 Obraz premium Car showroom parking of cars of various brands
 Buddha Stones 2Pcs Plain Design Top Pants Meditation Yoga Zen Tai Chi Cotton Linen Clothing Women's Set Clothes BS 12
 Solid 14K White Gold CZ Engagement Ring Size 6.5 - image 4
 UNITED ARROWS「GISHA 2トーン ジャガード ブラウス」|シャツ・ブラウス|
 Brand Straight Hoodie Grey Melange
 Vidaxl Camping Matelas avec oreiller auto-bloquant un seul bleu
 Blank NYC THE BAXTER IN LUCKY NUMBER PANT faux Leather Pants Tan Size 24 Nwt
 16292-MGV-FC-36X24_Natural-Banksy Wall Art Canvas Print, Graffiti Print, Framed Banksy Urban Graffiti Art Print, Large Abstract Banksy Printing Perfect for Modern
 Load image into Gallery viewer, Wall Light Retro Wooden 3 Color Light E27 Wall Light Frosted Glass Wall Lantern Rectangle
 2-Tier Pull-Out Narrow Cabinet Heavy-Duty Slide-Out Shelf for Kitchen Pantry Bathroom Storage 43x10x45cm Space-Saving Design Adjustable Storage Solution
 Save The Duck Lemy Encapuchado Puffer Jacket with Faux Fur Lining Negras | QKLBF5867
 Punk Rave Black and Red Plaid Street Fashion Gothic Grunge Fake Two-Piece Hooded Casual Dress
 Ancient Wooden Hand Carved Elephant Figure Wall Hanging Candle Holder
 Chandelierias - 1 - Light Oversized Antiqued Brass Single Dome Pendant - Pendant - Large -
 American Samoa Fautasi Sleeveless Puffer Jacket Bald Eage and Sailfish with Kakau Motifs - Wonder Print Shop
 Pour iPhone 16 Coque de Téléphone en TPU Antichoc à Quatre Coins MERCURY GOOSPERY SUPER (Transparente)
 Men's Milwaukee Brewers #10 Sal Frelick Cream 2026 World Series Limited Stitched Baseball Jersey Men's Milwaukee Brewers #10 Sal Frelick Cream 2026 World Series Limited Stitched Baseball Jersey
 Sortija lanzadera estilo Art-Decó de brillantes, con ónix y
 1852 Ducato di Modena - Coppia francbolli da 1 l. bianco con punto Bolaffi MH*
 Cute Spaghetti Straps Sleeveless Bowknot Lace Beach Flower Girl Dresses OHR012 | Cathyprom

════════════════════

__About this task__. In the data above, retype exactly and only the lines between the one holding "Ancient Wooden Hand" and the one holding "Baseball Jersey Men's", inclusive.

__Result for this exercise__.
 Ancient Wooden Hand Carved Elephant Figure Wall Hanging Candle Holder
 Chandelierias - 1 - Light Oversized Antiqued Brass Single Dome Pendant - Pendant - Large -
 American Samoa Fautasi Sleeveless Puffer Jacket Bald Eage and Sailfish with Kakau Motifs - Wonder Print Shop
 Pour iPhone 16 Coque de Téléphone en TPU Antichoc à Quatre Coins MERCURY GOOSPERY SUPER (Transparente)
 Men's Milwaukee Brewers #10 Sal Frelick Cream 2026 World Series Limited Stitched Baseball Jersey Men's Milwaukee Brewers #10 Sal Frelick Cream 2026 World Series Limited Stitched Baseball Jersey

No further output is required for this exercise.